I love how the building part manages to keep the satisfaction of creating an interconnected base where you gather resources and store them, as you build a perimeter filled with automated weapons. It doesn't fall into the Factorio trap, where you can build vast bases for 10 hours, and then end up feeling you built it "wrong" and have to start over again.

But, it does have some serious balance issues, as once you figure out the building process you can just use the same tactics forever. Even though there is plenty to build and do, there is a simplistic nature underneath that hurts long-term play.

Yet, I love this game, and I hope more games use the Factorio basics and expand into different sorts of games.

I really liked the general idea (basebuilding+action), and had fun completing the game, but it has shortcomings, thus I can't really say the game is great.

While stuff is really fun while it's new, the whole process gets repetitive, both defending and exploring. Enemies are just a dumb mass who run to the nearest building, and it doesn't require much creativity in terms of basebuilding - place walls, turrets and it just works. The battles are Diablo-like grind without much variety. Just pick the right weapon and pew-pew. Weapons feel nice tho. The balance can be wonky, it's either too easy or too hard. I don't see much replayability here, it's not fun to do everything all over again, after you discover all the stuff.

2023: Прошёл ещё раз с начала до конца, с дополнениями Metal Terror и Into the Dark, интересно, но опять же — на один раз. Ничего глобально они не изменили, просто добавили more of the same.

Tentei mas não fez meu estilo...

I'd start this off by saying, expect a 40 hour campaign. It's a 40 hour campaign with constant and meaningful progression, but expect it otherwise.

This game combines base building, tower defense, and action combat elements into one single package. IMO, it works incredibly well.
Base building is simple. You find a spot you like, and within 2 minutes, you have 3 sets of walls, turrets, and energy resources up.
Action combat consists of using a huge plethora of weapons to defeat waves of hundreds to thousands of enemies. All the weapons feel useful in their own unique ways. Certain enemies are resistant to specific types of damage, so you have to keep your weapons varied. Once some waves come in, you're standing in front of a wall of turrets preparing to completely demolish everything, and it's just great.

The story is near nonexistent. The story is essentially "You came here to colonize", and ends with a "Congrats you did it" slide at the end. Most of the other stuff is just dialogue between the main character and her AI partner.

I absolutely love this game, but I'd recommend looking up gameplay to see if it's for you.

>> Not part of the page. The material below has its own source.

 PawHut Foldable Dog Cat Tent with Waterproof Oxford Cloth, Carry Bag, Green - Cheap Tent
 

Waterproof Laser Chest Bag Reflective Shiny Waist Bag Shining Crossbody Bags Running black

This is the kind of Frankstein genre mix where everything comes together well and it is just a blast to play it. I finished this game in three days because I literally couldn’t stop playing and thinking about it. There is base building, resource gathering, tower defence, twinstick-shooter, rpg elements, exploring and crafting and none of these things feels underdeveloped or just attached to fill out some checklist game design. Everything is carefully woven into the mix, motivating on its behalf. Expanding your base with newly researched buildings is just as satisfying as crafting new weapons for your exosuit or exploring new biomes to find new types of enemies, plants and resources that allow you to research and build even more. It also plays very well. The shooting feels heavy and deadly while pulling big bases out of thin air is no trouble at all - as long as you have the resources of course. It’s a crazily addictive gameplay loop that - if you are receptive to this kind of progression - won’t let you go until you’ve finished the ~25 hours long campaign. It’s not perfect though. The graphics and sound design are great. But even with the dev still supporting and patching this game there are still some bugs left. I had to restart one map via console command because a mission goal didn’t trigger. So save regularly and in different slots.

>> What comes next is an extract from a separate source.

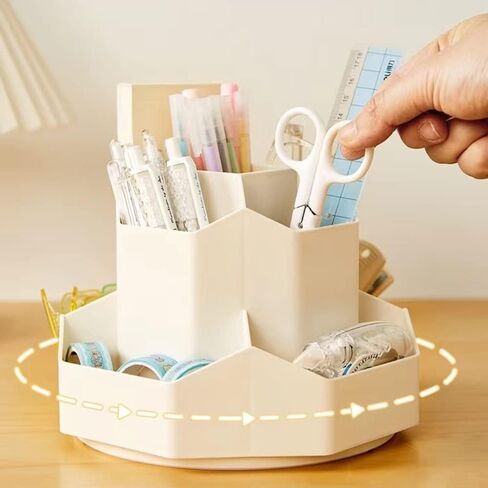 Pencil Holder Rotating Pen Organizer 9 Slots 360-Degree Rotation Pencil Pen Organizers for Office Desk, Desktop Storage Pen Organizers Stationery Supplies (White) in Saudi Arabia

Visuals and controls are good, gameplay is very samey and drags out a bit too long. You're trying to build a rift to get back to earth which requires a lot of various resources. Resources are unlocked on other planets through a series of missions. The missions are all very much the same for each major resource you need.

The events that spawn like nearby nests or large enemies only really serve as an annoyance, they basically nag you until you go deal with it.

The game also has a few bugs, including a couple which were basically game breaking. One was an issue with power generation, I had an array of different power production set up (renewable, gas, magma, nuclear etc...) and yet I had no power generation. The only way to fix it was to open the console and type debug_recreate_buildings which fixes it. The other issue was starting up the rift sequence (literally the last thing you need to do to end the game). Had to again run that console command.

Ignoring those bugs it's an ok game, but largely forgettable.